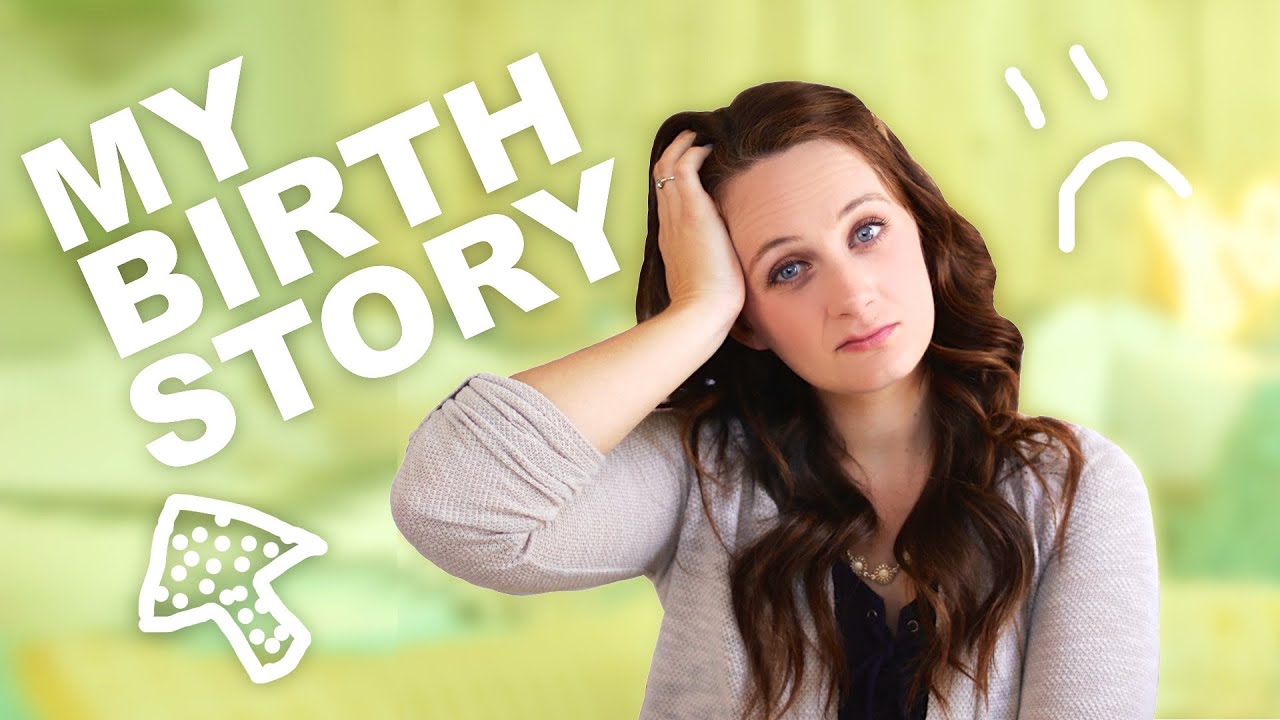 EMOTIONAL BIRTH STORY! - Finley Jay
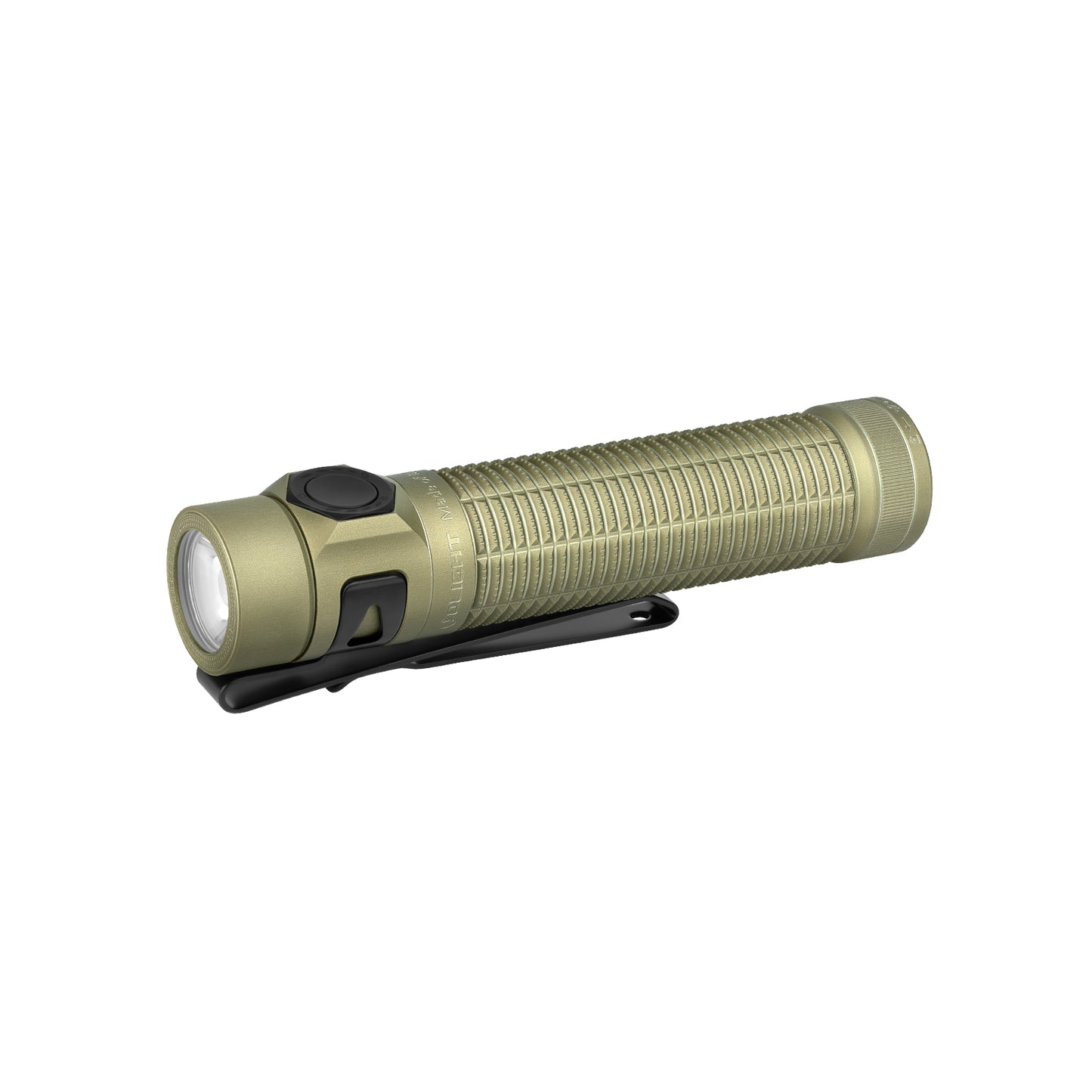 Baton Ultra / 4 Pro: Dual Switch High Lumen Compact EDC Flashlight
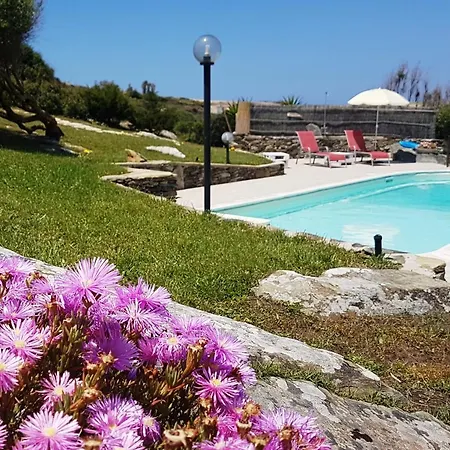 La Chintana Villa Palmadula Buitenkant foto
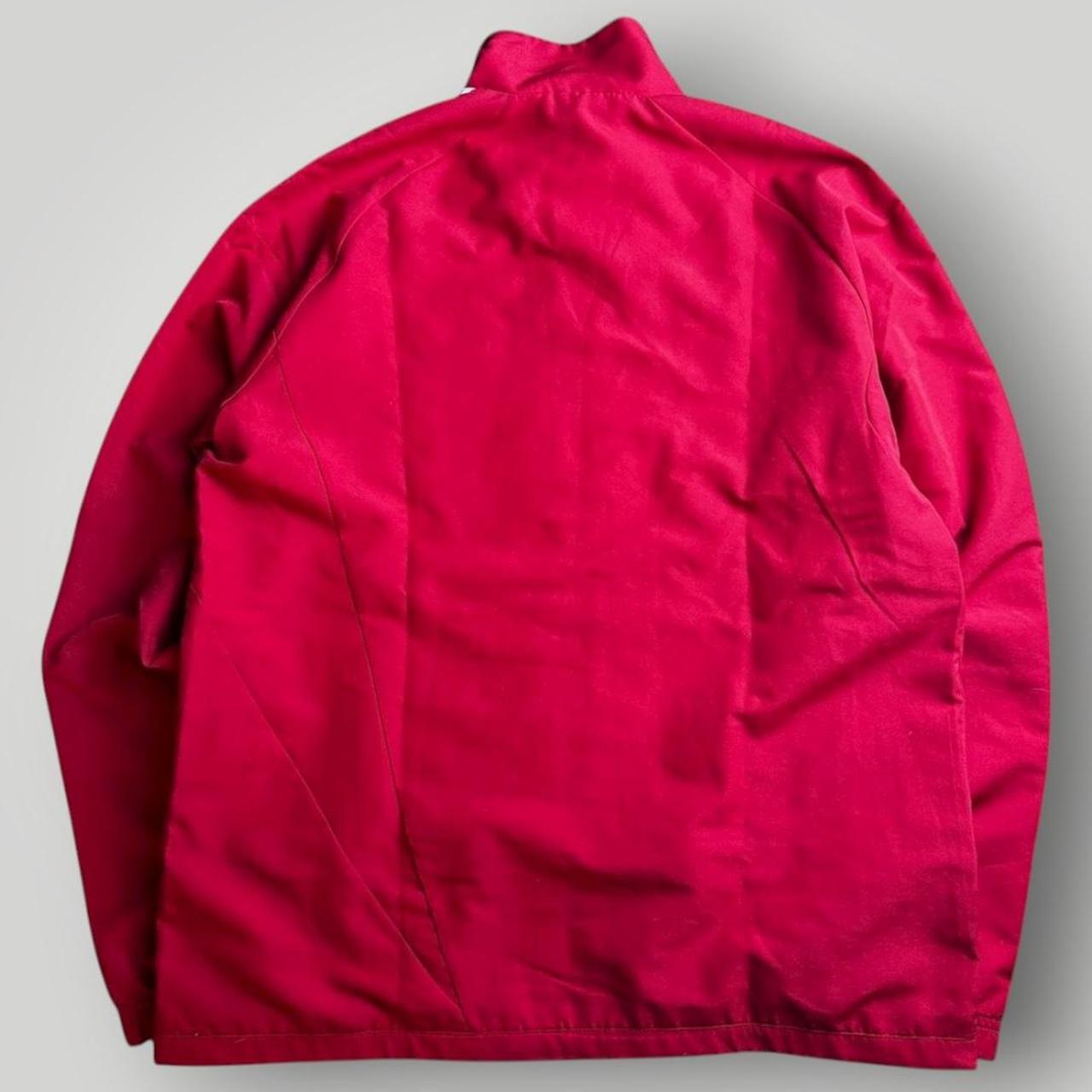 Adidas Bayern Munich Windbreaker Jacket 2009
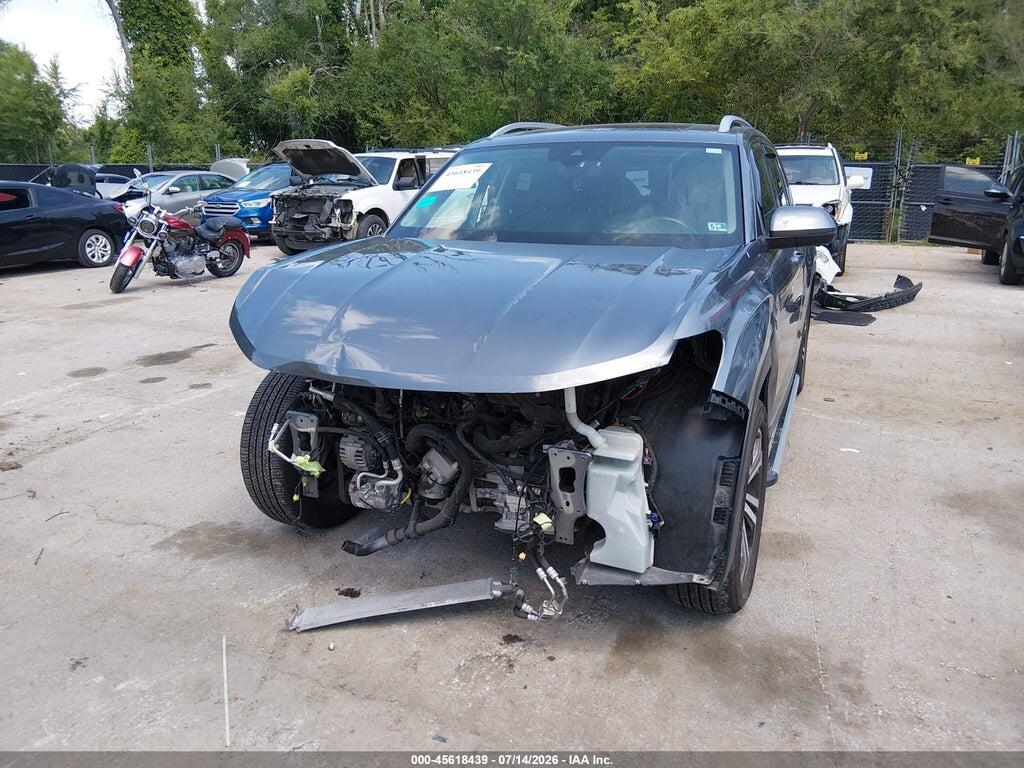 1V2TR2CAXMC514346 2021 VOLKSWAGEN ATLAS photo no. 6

▬▬▬▬▬▬

* _WHAT IS BEING ASKED_:
Exclude images and repeat all entries exactly.

* _REPLY_:
 EMOTIONAL BIRTH STORY! - Finley Jay
 Baton Ultra / 4 Pro: Dual Switch High Lumen Compact EDC Flashlight
 La Chintana Villa Palmadula Buitenkant foto
 Adidas Bayern Munich Windbreaker Jacket 2009
 1V2TR2CAXMC514346 2021 VOLKSWAGEN ATLAS photo no. 6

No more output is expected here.